Provided entries:
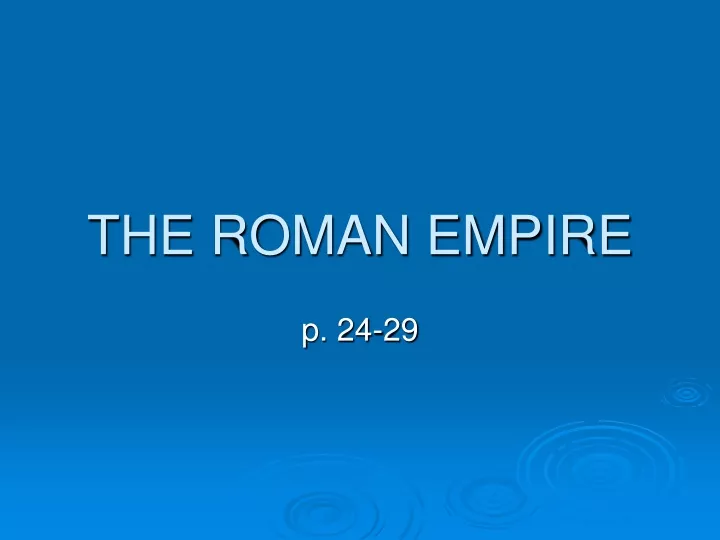 the roman empire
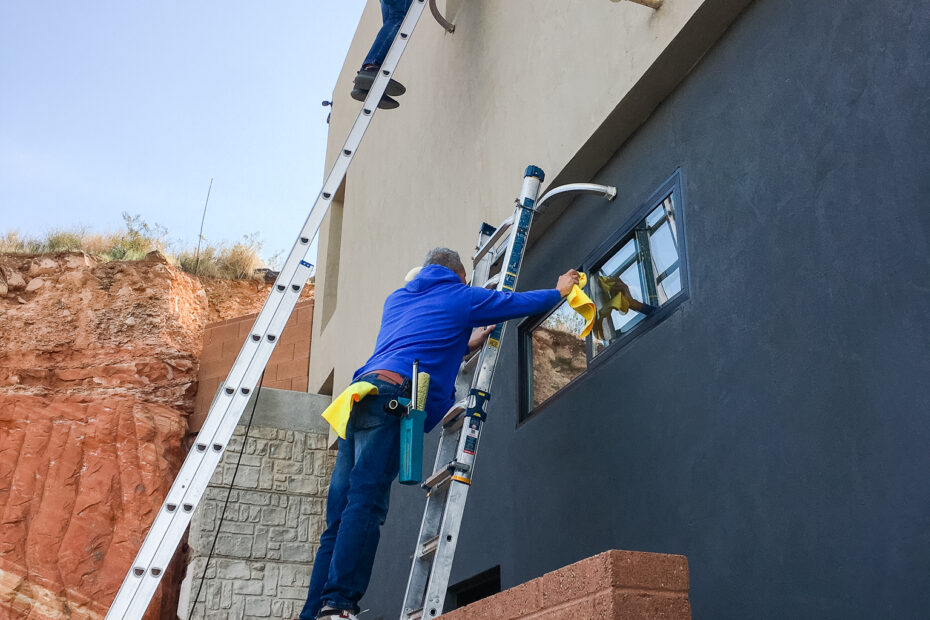 DSS Team Cleaning Parade of Homes Garage and Guest House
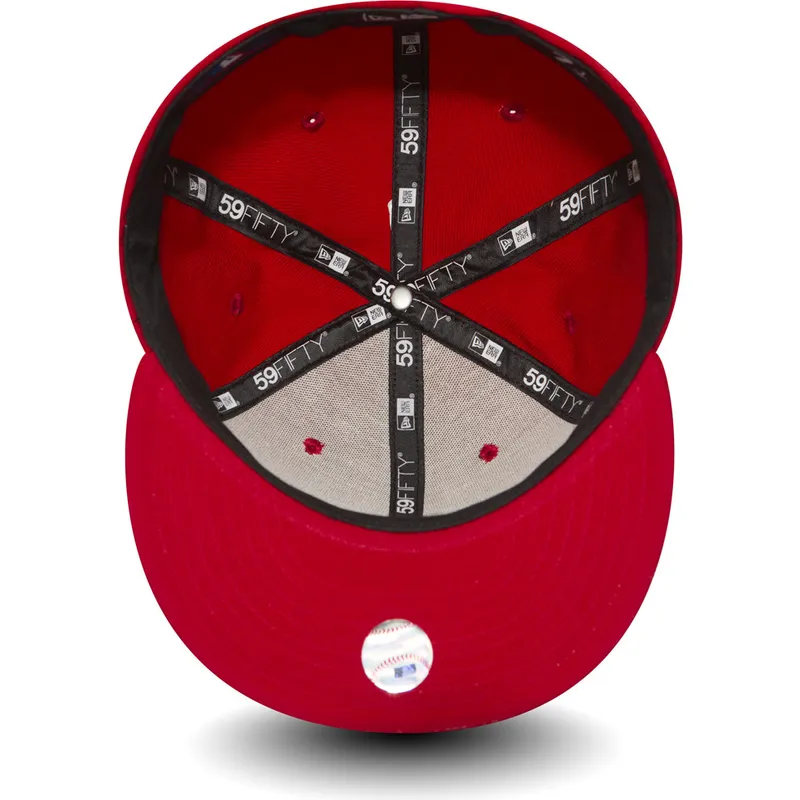 los-angeles-dodgers-mlb-59fifty-essential-rod-anpassad-flat-keps-fran-new-era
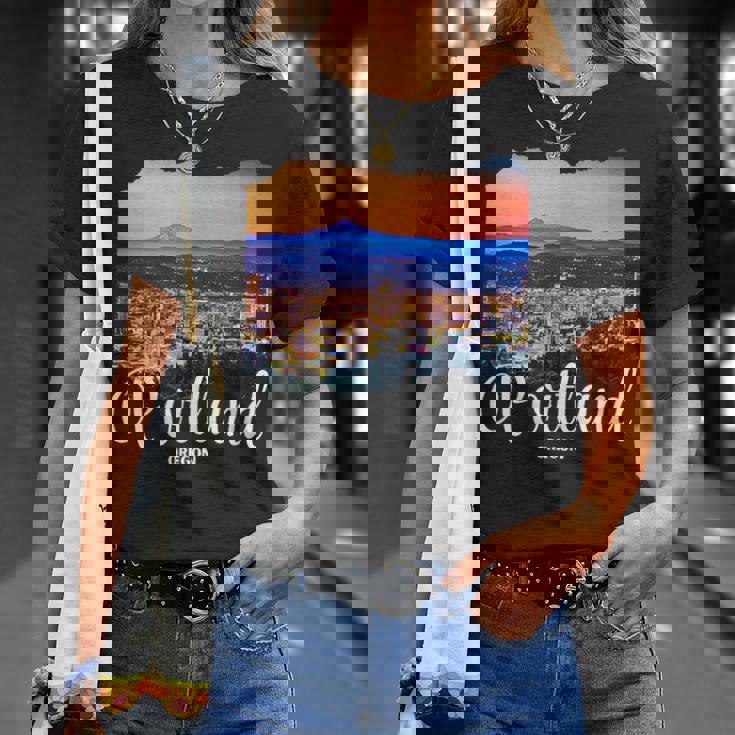 オレゴン州 ポートランドのお土産 ポートランド Tシャツ 彼女への贈り物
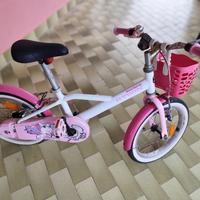 bicicletta bambina da 3 a 7 anni, misura 16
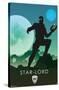 Marvel Heroic Silhouette - Star Lord-Trends International-Stretched Canvas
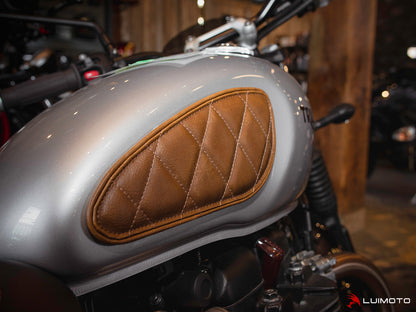 LUIMOTO TANK LEAF DIAMOND Tank Pads for the Triumph Street Cup, Street Scrambler, and Street Twin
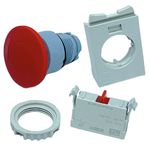 Botão Cogumelo Soco Vermelho (trava/gira Solta) 22mm 1nf Weg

To do: Return the complete data unchanged and include none of the pictures.

Response for this exercise:
 the roman empire
 DSS Team Cleaning Parade of Homes Garage and Guest House
 los-angeles-dodgers-mlb-59fifty-essential-rod-anpassad-flat-keps-fran-new-era
 オレゴン州 ポートランドのお土産 ポートランド Tシャツ 彼女への贈り物
 bicicletta bambina da 3 a 7 anni, misura 16
 Marvel Heroic Silhouette - Star Lord-Trends International-Stretched Canvas
 LUIMOTO TANK LEAF DIAMOND Tank Pads for the Triumph Street Cup, Street Scrambler, and Street Twin
 Botão Cogumelo Soco Vermelho (trava/gira Solta) 22mm 1nf Weg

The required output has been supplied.